Les seules personnes qui aiment le changement sont... les bébés qui sourient quand on change leurs couches-culottes !
Les entreprises ne sont pas toutes prêtes, en 2016, à mettre en œuvre des SI innovants ; c’est leur capacité à gérer ces trois challenges qui fera la différence.
Culturels
Il est difficile de définir la culture d’une organisation ; il est plus facile d’en analyser les impacts sur son fonctionnement quotidien.
Sans prétendre à l’exhaustivité, je vous propose trois illustrations de l’impact de la culture d’une organisation sur ses choix SI.
Communication et collaboration. Office 365 ou Google for Work : ce sont les deux seuls choix opérationnels pour remplacer les antiquités Exchange ou Lotus Notes. J’ai beaucoup écrit sur ce sujet ; le principal, le seul véritable critère de choix est culturel. Les entreprises qui font le choix Office 365 privilégient la continuité dans les usages et le fournisseur et des changements à minima. Celles qui basculent sur Google for Work préfèrent une solution innovante, porteuse d’améliorations profondes dans les modes de collaboration, et assument une rupture, raisonnable, dans les modes de travail de tous leurs collaborateurs.

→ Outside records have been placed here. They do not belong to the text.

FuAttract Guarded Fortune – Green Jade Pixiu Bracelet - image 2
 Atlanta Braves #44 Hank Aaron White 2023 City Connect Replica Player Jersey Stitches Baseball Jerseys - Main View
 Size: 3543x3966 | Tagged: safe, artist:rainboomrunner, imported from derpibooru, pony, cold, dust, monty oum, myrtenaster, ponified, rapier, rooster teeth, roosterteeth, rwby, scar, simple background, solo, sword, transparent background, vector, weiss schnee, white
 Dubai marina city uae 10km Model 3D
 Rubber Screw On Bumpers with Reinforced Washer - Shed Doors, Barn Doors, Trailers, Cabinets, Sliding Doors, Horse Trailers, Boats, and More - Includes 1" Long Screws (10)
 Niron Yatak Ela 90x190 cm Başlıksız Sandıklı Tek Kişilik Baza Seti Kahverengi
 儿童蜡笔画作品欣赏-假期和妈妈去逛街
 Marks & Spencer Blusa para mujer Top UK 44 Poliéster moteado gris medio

Ouverture. Continuer à vivre introverti, se croire protégé par son triple firewall ou choisir de s’ouvrir à l’extérieur ? Ce sujet que j’avais déjà abordé en 2010 reste, hélas d’actualité en 2016. Pour un trop grand nombre d’entreprises, il faut «protéger» ses clients internes des risques du monde internet, un Sherwood rempli de dangers. YouTube ou Facebook en sont deux exemples très représentatifs :
- YouTube : la majorité des entreprises disposent d’un canal YouTube à destination de leurs «clients externes», mais interdisent à leurs «clients internes» l’accès à ce site. Dans une grande banque avec qui je collabore, les informaticiens sont obligés d’aller sur YouTube depuis leurs smartphones personnels pour visualiser des vidéos d’aide au management d’un mainframe IBM !
- Facebook : au même moment, une autre banque, RBS (Royal Bank of Scotland) a choisi Facebook at Work pour 100 000 collaborateurs, quand la majorité des entreprises bloquent l’accès à Facebook.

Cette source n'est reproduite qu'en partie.